El pasado 27 de junio, solemnidad del Sagrado Corazón de Jesús, el Papa León XIV presidió la concelebración eucarística en la basílica de San Pedro, durante la cual confirió la ordenación sacerdotal a 32 seminaristas de diferentes colegios romanos. Con la Eucaristía, se dio por concluido el jubileo de seminaristas, sacerdotes y obispos. El Papa invitó a los sacerdotes a volver a sumergir sus vestiduras bautismales y sacerdotales en el Corazón del Salvador, haciendo memoria del día de su ordenación. Hizo especial énfasis en que el sacerdote está llamado a ser un pastor que cuida su rebaño, contando sus ovejas una por una; va en busca de las perdidas, cura a las heridas, sostiene a las débiles y enfermas (cf. Ez 34,11-16). Enfatizó que, en un tiempo de grandes y terribles conflictos, estamos llamados a profundizar el amor del Señor, a dejarnos abrazar y moldear y con Él, luchar para desterrar divisiones y odios. Conscientes de nuestras limitaciones, defectos e inconsistencias, el Señor nos invita a abandonarnos a la acción transformadora de su Espíritu que habita en nosotros, en un camino diario de conversión.

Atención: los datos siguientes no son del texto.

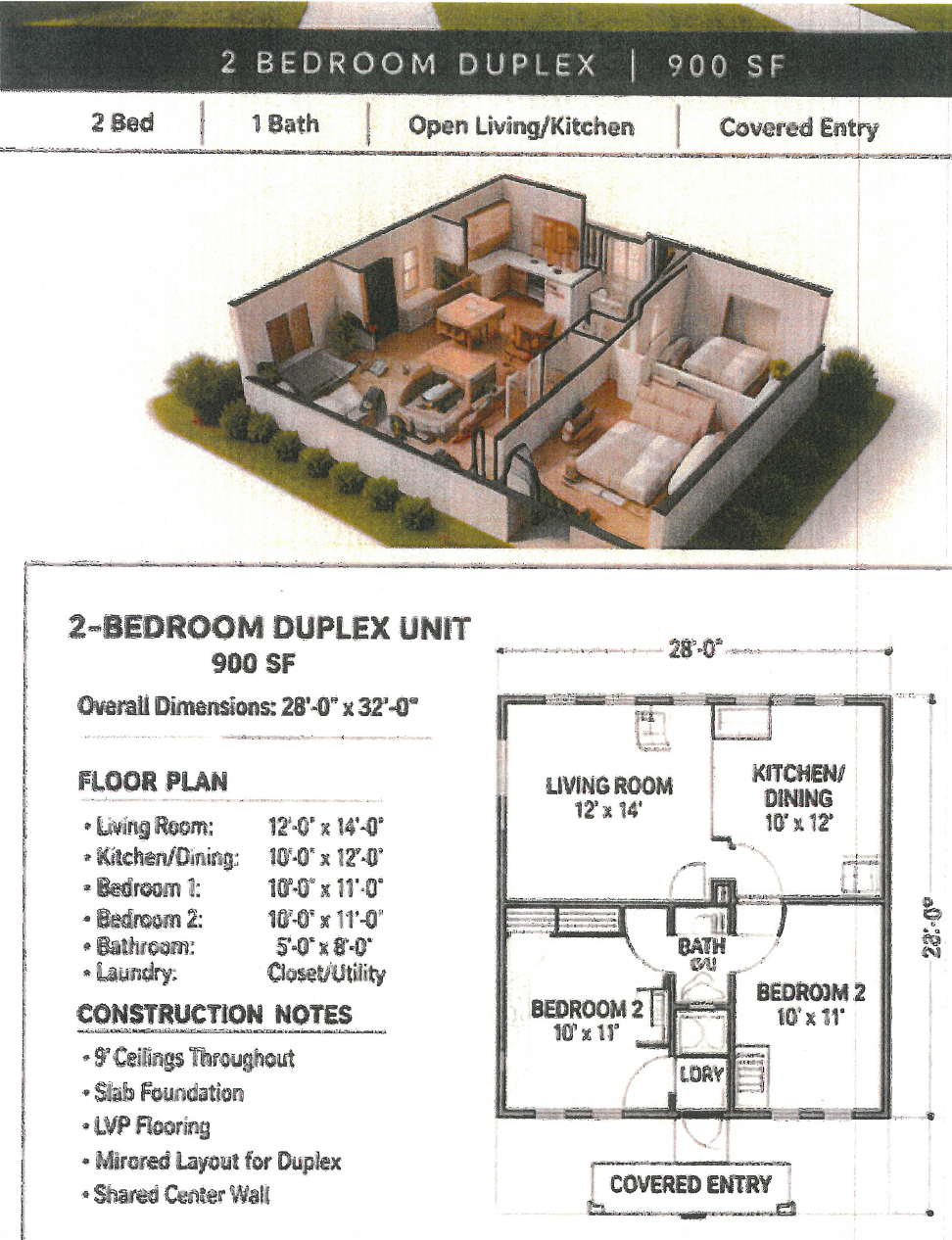Possible floor plans for two-bedroom duplexes for the&nbsp;Rising Star Trust Company proposed development.&nbsp;Courtesy image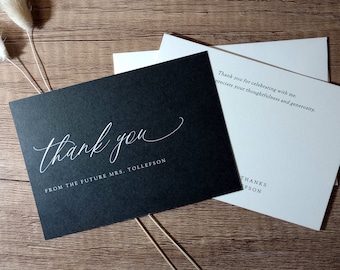 Personalized Calligraphy Thank You Cards: Modern Bridal Shower Notes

El sacerdocio -dijo- se fundamenta en la conciencia de que el Señor nunca nos abandona y nos acompaña siempre. La llamada viene de Dios y por eso, es fiel, no falla jamás y, con esa confianza, estamos llamados a cooperar con Él, ante todo, poniendo la Eucaristía en el centro de nuestra existencia ya que ésta es «fuente y culmen de toda la vida cristiana» (Lumen gentium, n. 11). La unidad de vida sacerdotal no tiene otra fuente sino «la fructuosa recepción de los sacramentos, sobre todo en la frecuente acción sacramental de la Penitencia» (Presbiterorum ordinis, n. 18); y, por último, con la oración, la meditación de la Palabra de Dios y el ejercicio de la caridad, conformando cada vez más nuestro corazón al del «Padre de las misericordias» (PO, n 18). Responder a la vocación implica la invitación continua para unirnos íntimamente a Jesús (PO, n. 14), semilla de concordia entre los hermanos, cargando sobre nuestros hombros a los que se han perdido, perdonando a los que se han equivocado, yendo en busca de los que se han alejado o han quedado excluidos, cuidando a los que sufren en el cuerpo y en el espíritu, en un gran intercambio de amor que, naciendo del costado traspasado del Crucificado, circunda a todos los hombres e impregna al mundo.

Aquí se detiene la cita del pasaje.